Work to be completed -
Range to reproduce from the entries below: the line with "Karseell Collagen Haar", the line with "CHANEL 羊皮皮革Chanel 19 Large金扣手挽肩背兩用袋-10", and every line in between. Give them exactly and give nothing else.

Input for this task -
------------------------------------------------------------------------

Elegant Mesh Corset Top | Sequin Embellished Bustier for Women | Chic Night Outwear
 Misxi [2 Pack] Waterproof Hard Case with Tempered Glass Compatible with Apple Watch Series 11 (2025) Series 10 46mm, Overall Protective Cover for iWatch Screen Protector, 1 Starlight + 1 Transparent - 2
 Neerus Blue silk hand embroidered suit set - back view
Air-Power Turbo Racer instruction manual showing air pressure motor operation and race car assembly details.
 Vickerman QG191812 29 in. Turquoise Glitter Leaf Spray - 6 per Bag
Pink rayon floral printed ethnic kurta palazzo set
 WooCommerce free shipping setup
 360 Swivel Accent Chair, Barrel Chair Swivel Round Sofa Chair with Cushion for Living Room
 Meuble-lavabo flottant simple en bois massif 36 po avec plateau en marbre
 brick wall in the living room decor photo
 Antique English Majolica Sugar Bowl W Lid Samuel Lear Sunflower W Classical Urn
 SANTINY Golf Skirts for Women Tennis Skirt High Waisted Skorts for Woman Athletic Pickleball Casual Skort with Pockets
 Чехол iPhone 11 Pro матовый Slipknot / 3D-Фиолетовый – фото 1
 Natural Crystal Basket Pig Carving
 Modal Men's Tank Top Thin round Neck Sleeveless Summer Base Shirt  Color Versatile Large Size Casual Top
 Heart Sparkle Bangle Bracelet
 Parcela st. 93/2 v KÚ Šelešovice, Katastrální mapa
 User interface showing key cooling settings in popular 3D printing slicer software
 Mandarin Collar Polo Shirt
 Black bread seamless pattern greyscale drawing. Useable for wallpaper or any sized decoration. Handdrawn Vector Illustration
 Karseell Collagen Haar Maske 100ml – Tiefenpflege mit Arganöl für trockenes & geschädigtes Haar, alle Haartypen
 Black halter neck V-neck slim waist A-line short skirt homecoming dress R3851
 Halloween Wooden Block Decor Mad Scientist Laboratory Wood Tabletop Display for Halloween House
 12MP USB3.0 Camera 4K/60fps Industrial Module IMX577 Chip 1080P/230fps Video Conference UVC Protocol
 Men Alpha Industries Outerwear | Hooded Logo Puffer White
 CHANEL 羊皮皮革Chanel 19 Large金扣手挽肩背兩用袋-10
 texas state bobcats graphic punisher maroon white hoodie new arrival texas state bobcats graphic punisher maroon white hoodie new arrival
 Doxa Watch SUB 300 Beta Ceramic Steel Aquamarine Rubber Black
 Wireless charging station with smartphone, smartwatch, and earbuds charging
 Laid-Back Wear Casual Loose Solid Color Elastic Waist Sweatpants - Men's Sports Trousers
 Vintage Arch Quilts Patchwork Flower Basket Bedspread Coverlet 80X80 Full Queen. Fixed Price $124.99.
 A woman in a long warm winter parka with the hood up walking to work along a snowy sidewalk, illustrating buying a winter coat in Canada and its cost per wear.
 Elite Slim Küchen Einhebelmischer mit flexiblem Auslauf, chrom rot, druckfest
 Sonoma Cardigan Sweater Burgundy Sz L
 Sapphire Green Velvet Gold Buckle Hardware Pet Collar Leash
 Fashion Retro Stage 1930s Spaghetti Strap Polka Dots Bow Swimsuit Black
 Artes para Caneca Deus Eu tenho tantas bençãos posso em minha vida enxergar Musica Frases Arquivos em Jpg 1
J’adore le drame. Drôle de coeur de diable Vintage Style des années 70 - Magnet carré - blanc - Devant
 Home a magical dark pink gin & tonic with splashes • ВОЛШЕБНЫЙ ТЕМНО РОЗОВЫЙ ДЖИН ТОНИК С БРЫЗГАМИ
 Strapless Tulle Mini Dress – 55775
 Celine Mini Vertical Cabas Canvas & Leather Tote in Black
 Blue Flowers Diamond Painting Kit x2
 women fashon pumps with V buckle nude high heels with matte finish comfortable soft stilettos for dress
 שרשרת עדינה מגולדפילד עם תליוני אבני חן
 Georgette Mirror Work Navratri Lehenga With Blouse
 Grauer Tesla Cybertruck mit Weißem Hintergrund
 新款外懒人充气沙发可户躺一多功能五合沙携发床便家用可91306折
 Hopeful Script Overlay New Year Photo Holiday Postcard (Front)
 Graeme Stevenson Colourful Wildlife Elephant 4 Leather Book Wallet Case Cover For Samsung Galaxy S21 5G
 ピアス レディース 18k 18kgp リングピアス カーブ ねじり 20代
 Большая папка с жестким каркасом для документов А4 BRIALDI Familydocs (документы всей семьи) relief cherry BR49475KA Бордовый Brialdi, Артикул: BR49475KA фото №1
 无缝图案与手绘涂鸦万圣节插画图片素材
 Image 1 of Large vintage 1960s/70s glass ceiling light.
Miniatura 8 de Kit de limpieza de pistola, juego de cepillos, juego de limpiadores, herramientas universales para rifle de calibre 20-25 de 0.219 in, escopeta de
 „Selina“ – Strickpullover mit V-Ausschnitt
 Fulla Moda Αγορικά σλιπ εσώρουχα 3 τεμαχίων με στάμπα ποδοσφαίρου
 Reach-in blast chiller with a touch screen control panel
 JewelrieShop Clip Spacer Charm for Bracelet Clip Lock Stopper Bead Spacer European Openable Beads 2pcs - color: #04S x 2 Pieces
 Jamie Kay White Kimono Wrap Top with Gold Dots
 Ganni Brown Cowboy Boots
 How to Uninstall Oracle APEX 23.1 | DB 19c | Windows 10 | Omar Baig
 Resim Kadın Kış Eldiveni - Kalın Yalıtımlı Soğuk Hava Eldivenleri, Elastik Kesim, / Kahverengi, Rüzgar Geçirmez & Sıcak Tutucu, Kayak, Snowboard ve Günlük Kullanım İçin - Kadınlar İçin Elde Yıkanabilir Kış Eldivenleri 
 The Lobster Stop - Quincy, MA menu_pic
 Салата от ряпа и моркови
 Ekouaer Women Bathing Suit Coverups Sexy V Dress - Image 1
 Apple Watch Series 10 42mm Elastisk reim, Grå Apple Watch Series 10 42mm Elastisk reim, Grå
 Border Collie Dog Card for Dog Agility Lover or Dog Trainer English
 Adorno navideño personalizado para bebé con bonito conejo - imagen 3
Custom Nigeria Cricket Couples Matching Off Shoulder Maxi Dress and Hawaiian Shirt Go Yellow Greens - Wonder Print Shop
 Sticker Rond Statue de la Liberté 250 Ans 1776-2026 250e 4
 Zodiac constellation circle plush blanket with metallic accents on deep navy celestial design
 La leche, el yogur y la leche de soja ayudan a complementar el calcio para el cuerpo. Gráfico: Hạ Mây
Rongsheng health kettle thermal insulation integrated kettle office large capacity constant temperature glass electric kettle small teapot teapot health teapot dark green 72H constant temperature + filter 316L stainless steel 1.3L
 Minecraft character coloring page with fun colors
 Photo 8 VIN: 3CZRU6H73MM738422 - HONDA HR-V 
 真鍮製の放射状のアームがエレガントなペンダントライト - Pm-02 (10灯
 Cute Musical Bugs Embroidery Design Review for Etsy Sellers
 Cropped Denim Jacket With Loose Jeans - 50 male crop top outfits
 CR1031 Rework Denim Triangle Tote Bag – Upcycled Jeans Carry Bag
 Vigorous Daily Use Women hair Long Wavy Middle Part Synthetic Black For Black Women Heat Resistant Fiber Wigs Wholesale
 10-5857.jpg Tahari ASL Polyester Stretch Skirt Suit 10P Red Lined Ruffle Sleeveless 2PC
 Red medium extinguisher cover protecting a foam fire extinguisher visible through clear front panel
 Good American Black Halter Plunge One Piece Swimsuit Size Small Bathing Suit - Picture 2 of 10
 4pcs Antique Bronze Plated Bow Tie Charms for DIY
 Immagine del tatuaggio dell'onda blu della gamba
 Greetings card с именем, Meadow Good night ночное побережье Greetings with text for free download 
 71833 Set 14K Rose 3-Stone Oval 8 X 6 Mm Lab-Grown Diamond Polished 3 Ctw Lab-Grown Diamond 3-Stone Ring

------------------------------------------------------------------------

Result for this exercise -
 Karseell Collagen Haar Maske 100ml – Tiefenpflege mit Arganöl für trockenes & geschädigtes Haar, alle Haartypen
 Black halter neck V-neck slim waist A-line short skirt homecoming dress R3851
 Halloween Wooden Block Decor Mad Scientist Laboratory Wood Tabletop Display for Halloween House
 12MP USB3.0 Camera 4K/60fps Industrial Module IMX577 Chip 1080P/230fps Video Conference UVC Protocol
 Men Alpha Industries Outerwear | Hooded Logo Puffer White
 CHANEL 羊皮皮革Chanel 19 Large金扣手挽肩背兩用袋-10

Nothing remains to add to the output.